FILED
OCTOBER 6, 2020
In the Office of the Clerk of Court
WA State Court of Appeals, Division III
IN THE COURT OF APPEALS OF THE STATE OF WASHINGTON
DIVISION THREE
IVONNE CAMPBELL and VINCE )
CAMPBELL, wife and husband and the ) No. 36683-9-III
marital community comprised thereof, ) (Consolidated with
) No. 36981-1-III)
Appellants, )
)
v. ) OPINION PUBLISHED IN PART
)
ANA FERNANDEZ and JOHN DOE )
FERNANDEZ, wife and husband and the )
community comprised thereof, )
)
Respondents. )
SIDDOWAY, J. — It is common practice and one dictated by “elementary
prudence” for a plaintiff to file a second, protective action if personal jurisdiction over a
defendant might reasonably be contested in the original action. E.g., Saylor v. Dyniewski,
836 F.2d 341, 345 (7th Cir. 1988); McFarlane v. Esquire Magazine, 74 F.3d 1296, 1301
(D.C. Cir. 1996). “There is nothing necessarily inappropriate . . . about filing a protective
action.” Exxon Mobil Corp. v. Saudi Basic Indus. Corp., 544 U.S. 280, 294 n.9, 125 S.

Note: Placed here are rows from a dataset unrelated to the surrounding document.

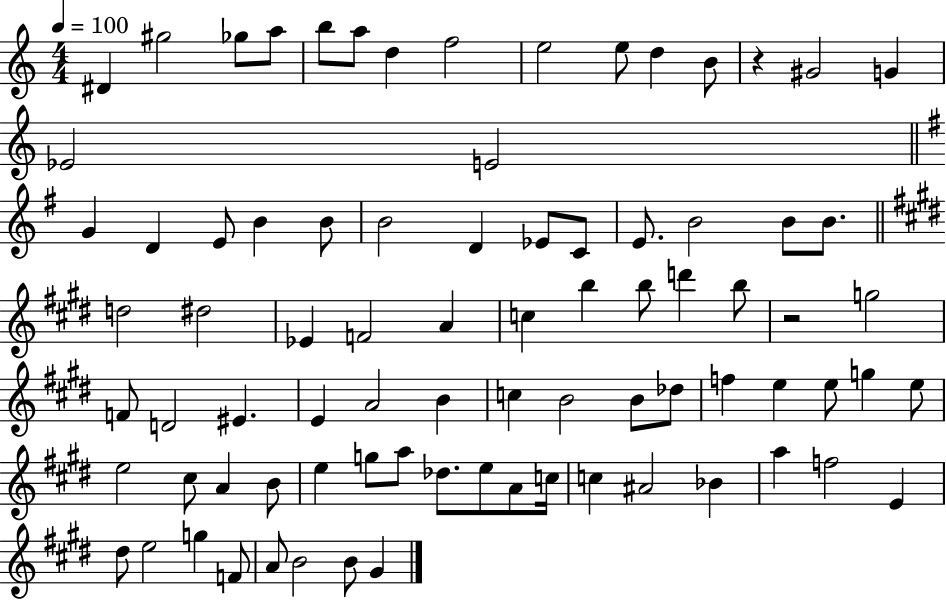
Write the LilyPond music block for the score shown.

{
  \clef treble
  \numericTimeSignature
  \time 4/4
  \key c \major
  \tempo 4 = 100
  dis'4 gis''2 ges''8 a''8 | b''8 a''8 d''4 f''2 | e''2 e''8 d''4 b'8 | r4 gis'2 g'4 | \break ees'2 e'2 | \bar "||" \break \key e \minor g'4 d'4 e'8 b'4 b'8 | b'2 d'4 ees'8 c'8 | e'8. b'2 b'8 b'8. | \bar "||" \break \key e \major d''2 dis''2 | ees'4 f'2 a'4 | c''4 b''4 b''8 d'''4 b''8 | r2 g''2 | \break f'8 d'2 eis'4. | e'4 a'2 b'4 | c''4 b'2 b'8 des''8 | f''4 e''4 e''8 g''4 e''8 | \break e''2 cis''8 a'4 b'8 | e''4 g''8 a''8 des''8. e''8 a'8 c''16 | c''4 ais'2 bes'4 | a''4 f''2 e'4 | \break dis''8 e''2 g''4 f'8 | a'8 b'2 b'8 gis'4 | \bar "|."
}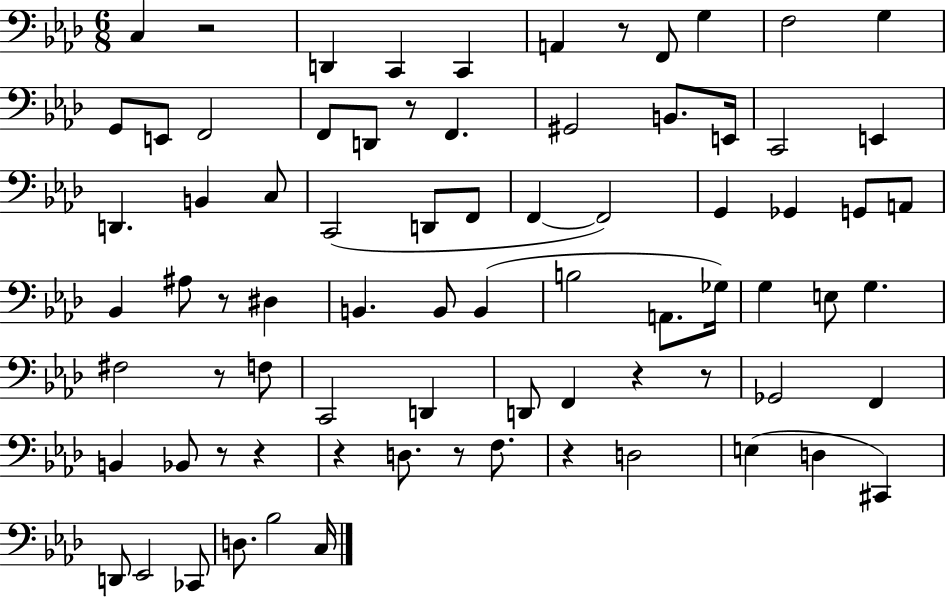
{
  \clef bass
  \numericTimeSignature
  \time 6/8
  \key aes \major
  c4 r2 | d,4 c,4 c,4 | a,4 r8 f,8 g4 | f2 g4 | \break g,8 e,8 f,2 | f,8 d,8 r8 f,4. | gis,2 b,8. e,16 | c,2 e,4 | \break d,4. b,4 c8 | c,2( d,8 f,8 | f,4~~ f,2) | g,4 ges,4 g,8 a,8 | \break bes,4 ais8 r8 dis4 | b,4. b,8 b,4( | b2 a,8. ges16) | g4 e8 g4. | \break fis2 r8 f8 | c,2 d,4 | d,8 f,4 r4 r8 | ges,2 f,4 | \break b,4 bes,8 r8 r4 | r4 d8. r8 f8. | r4 d2 | e4( d4 cis,4) | \break d,8 ees,2 ces,8 | d8. bes2 c16 | \bar "|."
}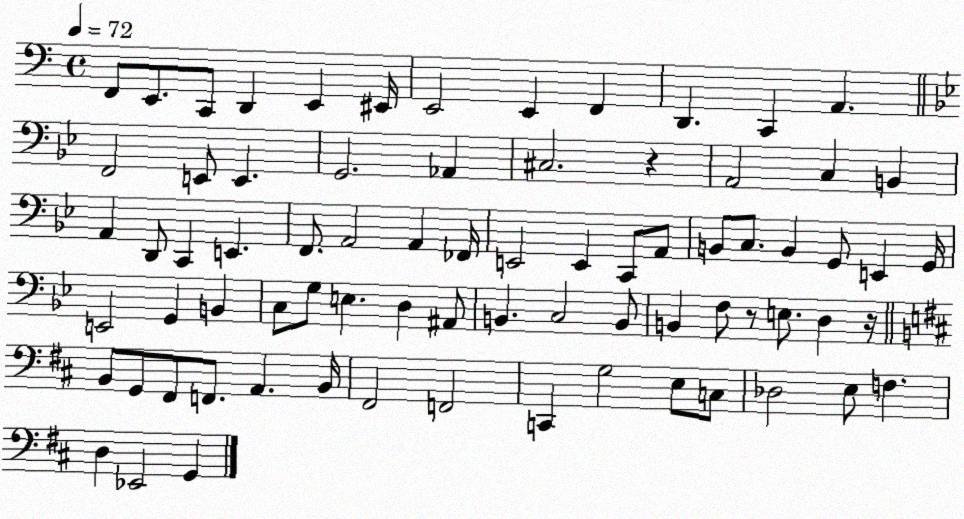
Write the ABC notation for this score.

X:1
T:Untitled
M:4/4
L:1/4
K:C
F,,/2 E,,/2 C,,/2 D,, E,, ^E,,/4 E,,2 E,, F,, D,, C,, A,, F,,2 E,,/2 E,, G,,2 _A,, ^C,2 z A,,2 C, B,, A,, D,,/2 C,, E,, F,,/2 A,,2 A,, _F,,/4 E,,2 E,, C,,/2 A,,/2 B,,/2 C,/2 B,, G,,/2 E,, G,,/4 E,,2 G,, B,, C,/2 G,/2 E, D, ^A,,/2 B,, C,2 B,,/2 B,, F,/2 z/2 E,/2 D, z/4 B,,/2 G,,/2 ^F,,/2 F,,/2 A,, B,,/4 ^F,,2 F,,2 C,, G,2 E,/2 C,/2 _D,2 E,/2 F, D, _E,,2 G,,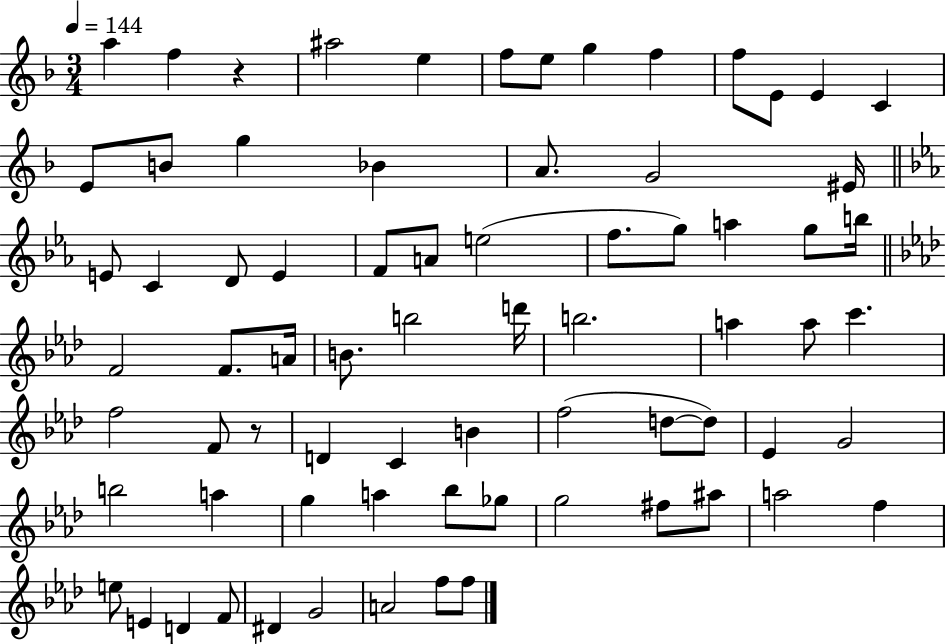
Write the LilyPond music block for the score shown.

{
  \clef treble
  \numericTimeSignature
  \time 3/4
  \key f \major
  \tempo 4 = 144
  a''4 f''4 r4 | ais''2 e''4 | f''8 e''8 g''4 f''4 | f''8 e'8 e'4 c'4 | \break e'8 b'8 g''4 bes'4 | a'8. g'2 eis'16 | \bar "||" \break \key ees \major e'8 c'4 d'8 e'4 | f'8 a'8 e''2( | f''8. g''8) a''4 g''8 b''16 | \bar "||" \break \key aes \major f'2 f'8. a'16 | b'8. b''2 d'''16 | b''2. | a''4 a''8 c'''4. | \break f''2 f'8 r8 | d'4 c'4 b'4 | f''2( d''8~~ d''8) | ees'4 g'2 | \break b''2 a''4 | g''4 a''4 bes''8 ges''8 | g''2 fis''8 ais''8 | a''2 f''4 | \break e''8 e'4 d'4 f'8 | dis'4 g'2 | a'2 f''8 f''8 | \bar "|."
}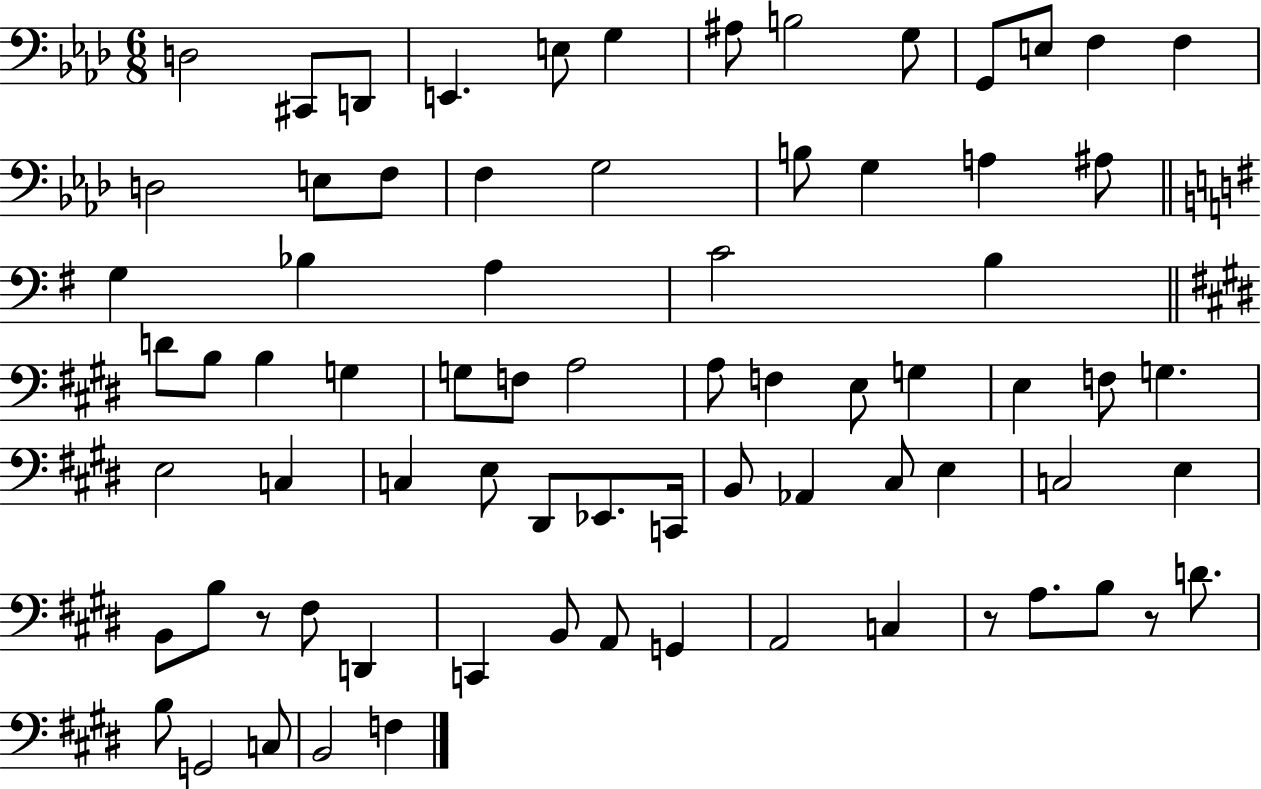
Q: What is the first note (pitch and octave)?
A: D3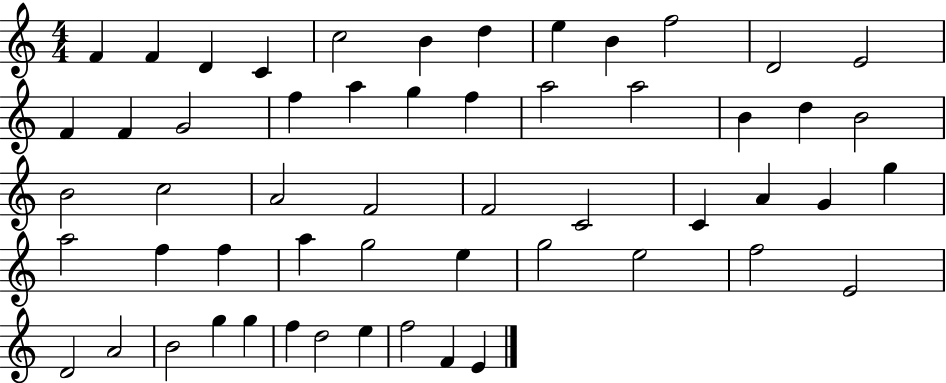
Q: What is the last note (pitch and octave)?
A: E4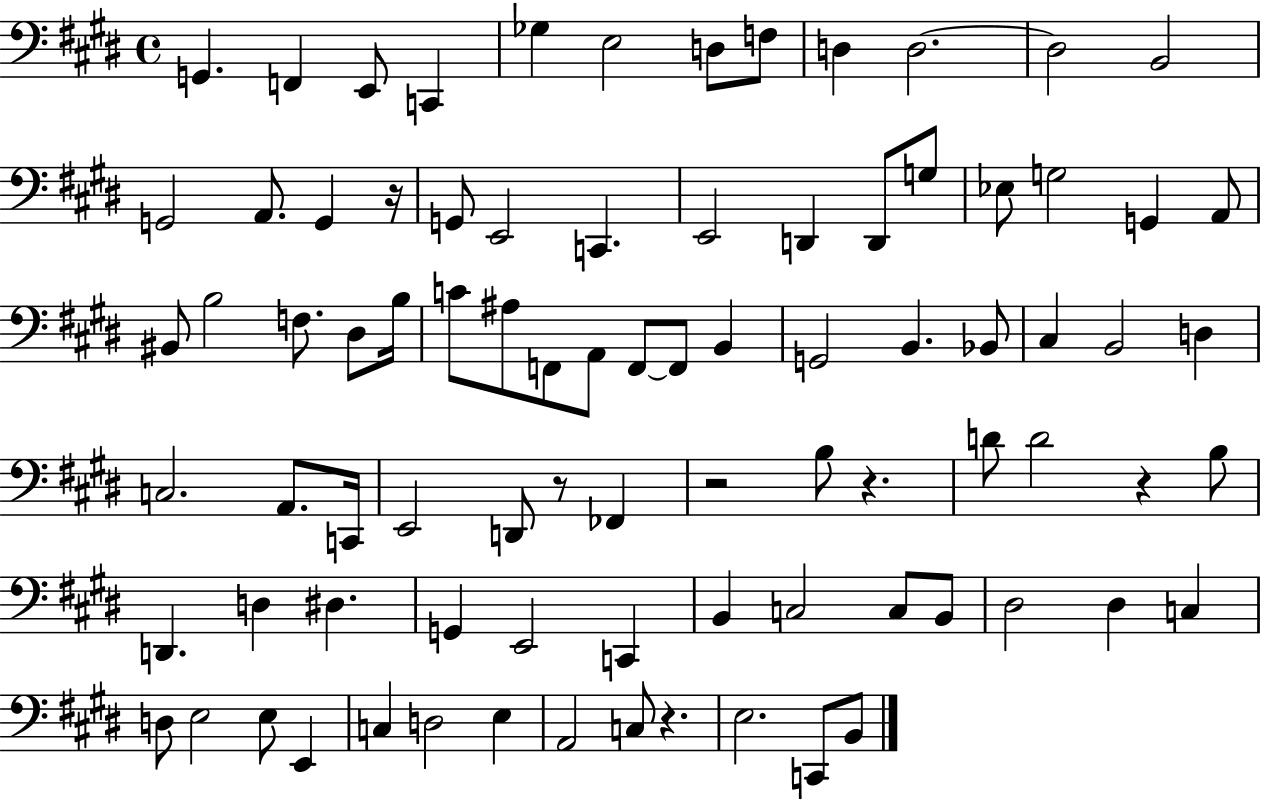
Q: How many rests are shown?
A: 6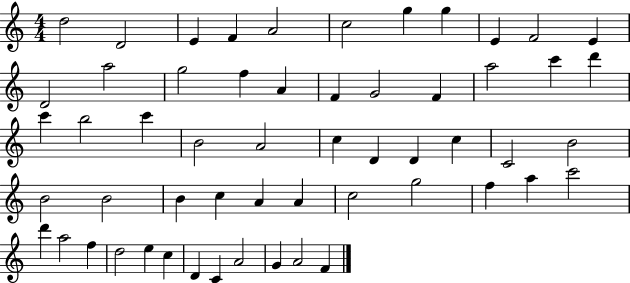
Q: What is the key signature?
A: C major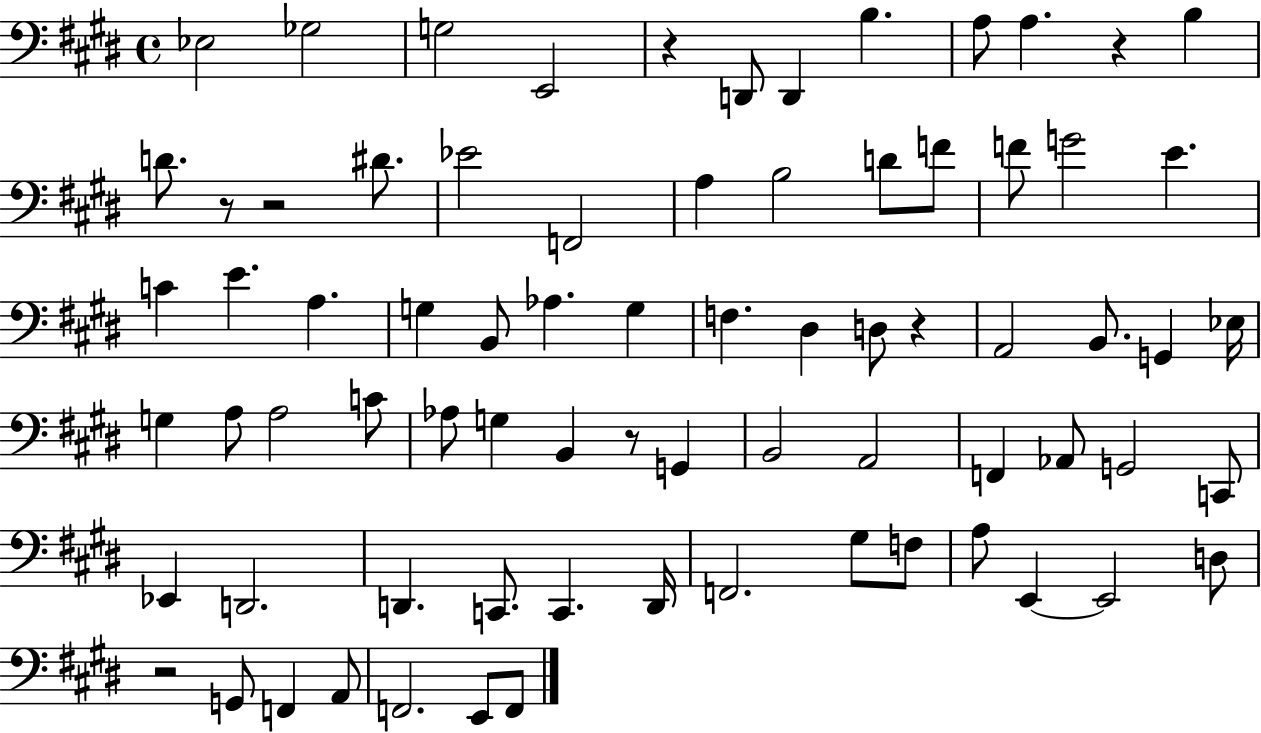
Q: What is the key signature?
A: E major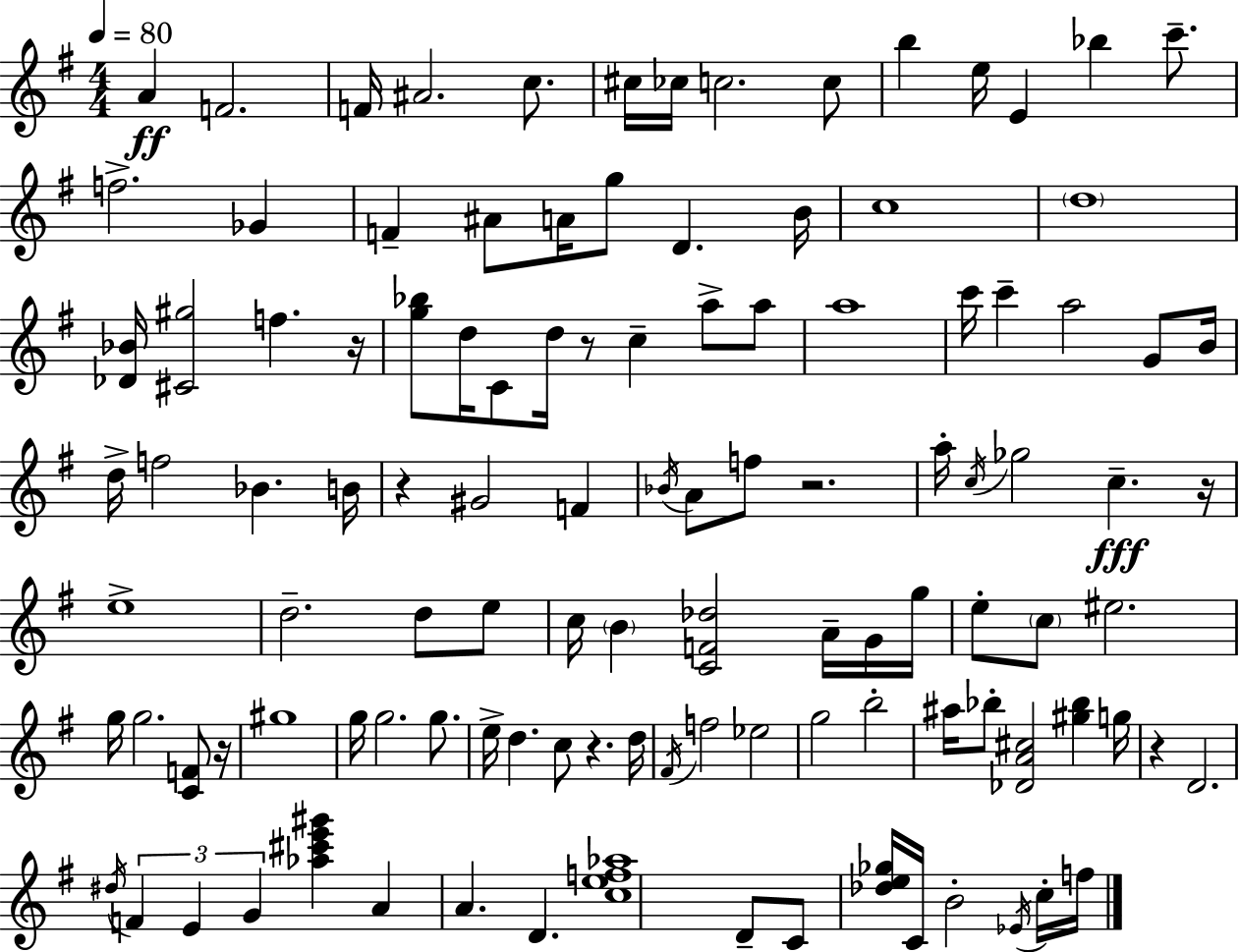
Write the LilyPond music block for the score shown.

{
  \clef treble
  \numericTimeSignature
  \time 4/4
  \key e \minor
  \tempo 4 = 80
  a'4\ff f'2. | f'16 ais'2. c''8. | cis''16 ces''16 c''2. c''8 | b''4 e''16 e'4 bes''4 c'''8.-- | \break f''2.-> ges'4 | f'4-- ais'8 a'16 g''8 d'4. b'16 | c''1 | \parenthesize d''1 | \break <des' bes'>16 <cis' gis''>2 f''4. r16 | <g'' bes''>8 d''16 c'8 d''16 r8 c''4-- a''8-> a''8 | a''1 | c'''16 c'''4-- a''2 g'8 b'16 | \break d''16-> f''2 bes'4. b'16 | r4 gis'2 f'4 | \acciaccatura { bes'16 } a'8 f''8 r2. | a''16-. \acciaccatura { c''16 } ges''2 c''4.--\fff | \break r16 e''1-> | d''2.-- d''8 | e''8 c''16 \parenthesize b'4 <c' f' des''>2 a'16-- | g'16 g''16 e''8-. \parenthesize c''8 eis''2. | \break g''16 g''2. <c' f'>8 | r16 gis''1 | g''16 g''2. g''8. | e''16-> d''4. c''8 r4. | \break d''16 \acciaccatura { fis'16 } f''2 ees''2 | g''2 b''2-. | ais''16 bes''8-. <des' a' cis''>2 <gis'' bes''>4 | g''16 r4 d'2. | \break \acciaccatura { dis''16 } \tuplet 3/2 { f'4 e'4 g'4 } | <aes'' cis''' e''' gis'''>4 a'4 a'4. d'4. | <c'' e'' f'' aes''>1 | d'8-- c'8 <des'' e'' ges''>16 c'16 b'2-. | \break \acciaccatura { ees'16 } c''16-. f''16 \bar "|."
}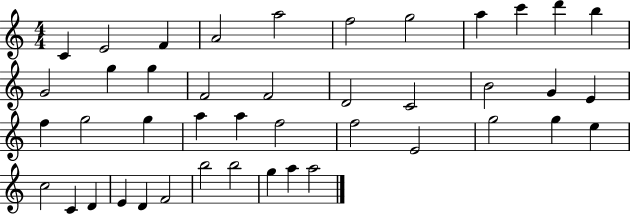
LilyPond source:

{
  \clef treble
  \numericTimeSignature
  \time 4/4
  \key c \major
  c'4 e'2 f'4 | a'2 a''2 | f''2 g''2 | a''4 c'''4 d'''4 b''4 | \break g'2 g''4 g''4 | f'2 f'2 | d'2 c'2 | b'2 g'4 e'4 | \break f''4 g''2 g''4 | a''4 a''4 f''2 | f''2 e'2 | g''2 g''4 e''4 | \break c''2 c'4 d'4 | e'4 d'4 f'2 | b''2 b''2 | g''4 a''4 a''2 | \break \bar "|."
}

Ct. 1517, 161 L. Ed. 2d 454 (2005) (citing cases).
In Banzeruk v. Estate of Howitz, this court suggested in dicta that when the
sufficiency of a plaintiff’s service of process in an original action is in doubt and the
Nos. 36683-9-III; No. 36981-1-III (consolidated)
Campbell v. Fernandez
limitations period will soon expire, a second, protective action can be tentatively
commenced in order to obtain additional time (90 days from filing) within which to
accomplish effective service. 132 Wn. App. 942, 948, 135 P.3d 512 (2006) (citing RCW
4.16.170). Facing those circumstances, the appellants in these consolidated appeals filed
a second, protective action two days before the running of the limitations period and
effected service of process within 90 days thereafter. The protective action was properly
filed and could have proceeded but for a twist: the appellants chose not to disclose the
existence of the protective action in response to a motion to dismiss their original action
(service in the protective action had not yet been effected), and the trial court dismissed
the original action with prejudice as time-barred.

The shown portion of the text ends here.